Towards Predicting Any Human Trajectory in Context¶
Conference: NeurIPS 2025 arXiv: 2506.00871 Code: Available (Project Page) Area: Autonomous Driving Keywords: pedestrian trajectory prediction, in-context learning, cross-domain adaptation, synthetic data, example selection
TL;DR¶
This paper proposes TrajICL, an in-context learning (ICL) framework for pedestrian trajectory prediction that achieves cross-scene adaptive prediction without fine-tuning through spatiotemporal similarity-based example selection and prediction-guided example selection, surpassing even fine-tuned baselines.
Background & Motivation¶
Pedestrian trajectory prediction is a critical task in autonomous driving, robot navigation, and surveillance systems. While existing methods perform well in specific environments, they face two core challenges:
Poor scene adaptability: Most models are trained and evaluated in specific environments/domains and struggle to generalize to new scenes (different map layouts, camera positions, sensor types, etc.).
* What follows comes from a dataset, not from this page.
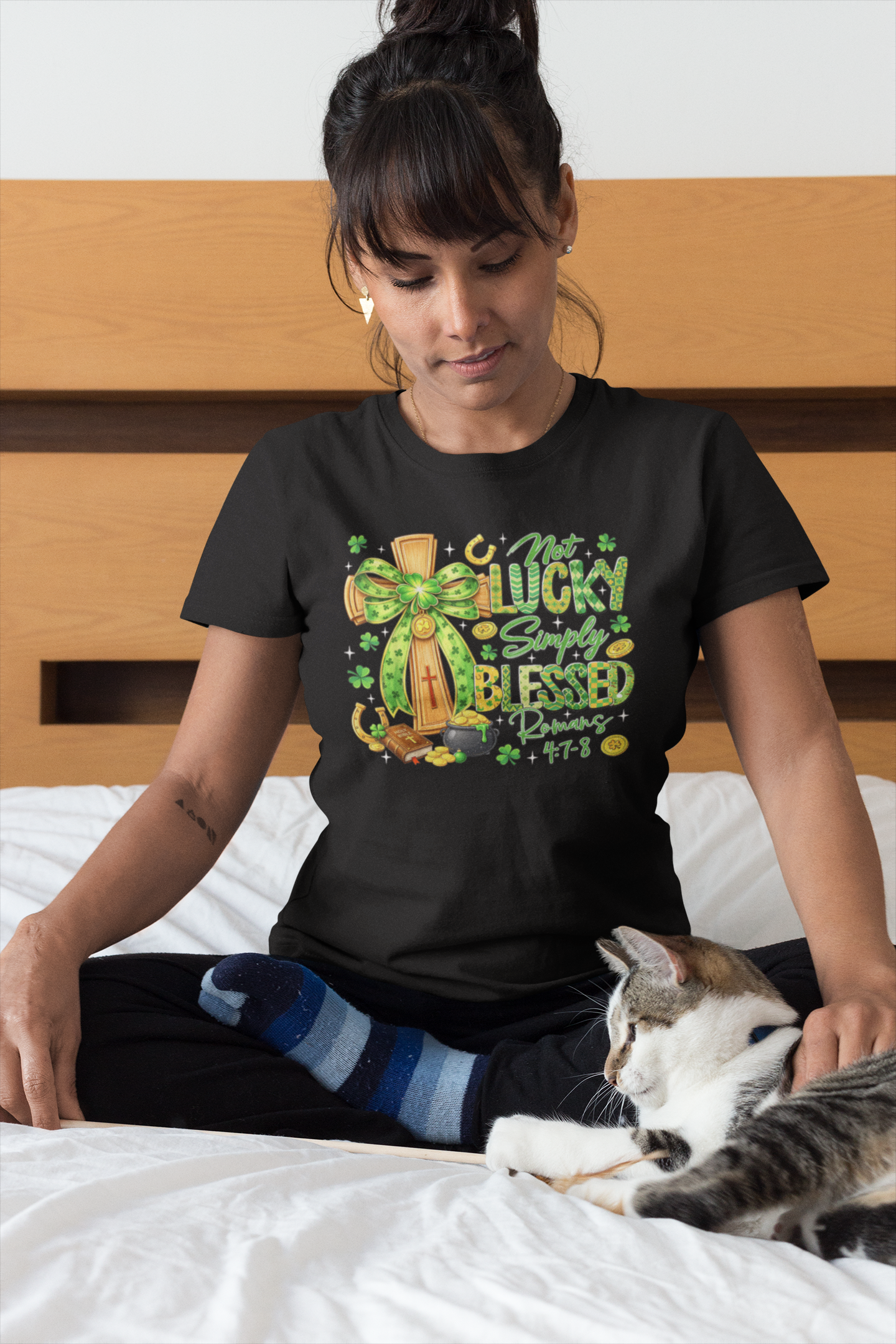Lucky & Loaded – St. Patrick’s Day T-Shirt-20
High fine-tuning cost: Traditional adaptation methods require on-device backpropagation, which imposes prohibitive computational and memory costs on edge devices; moreover, separate models must be maintained for different scenes.
In-Context Learning (ICL) offers an attractive alternative: by leveraging a small number of examples through forward passes alone, models can adapt to new tasks without updating their weights. However, applying ICL to trajectory prediction presents three challenges:
- Randomly selected examples provide almost no ICL benefit: If examples do not match the query in spatial location or motion pattern, the model cannot effectively exploit the context.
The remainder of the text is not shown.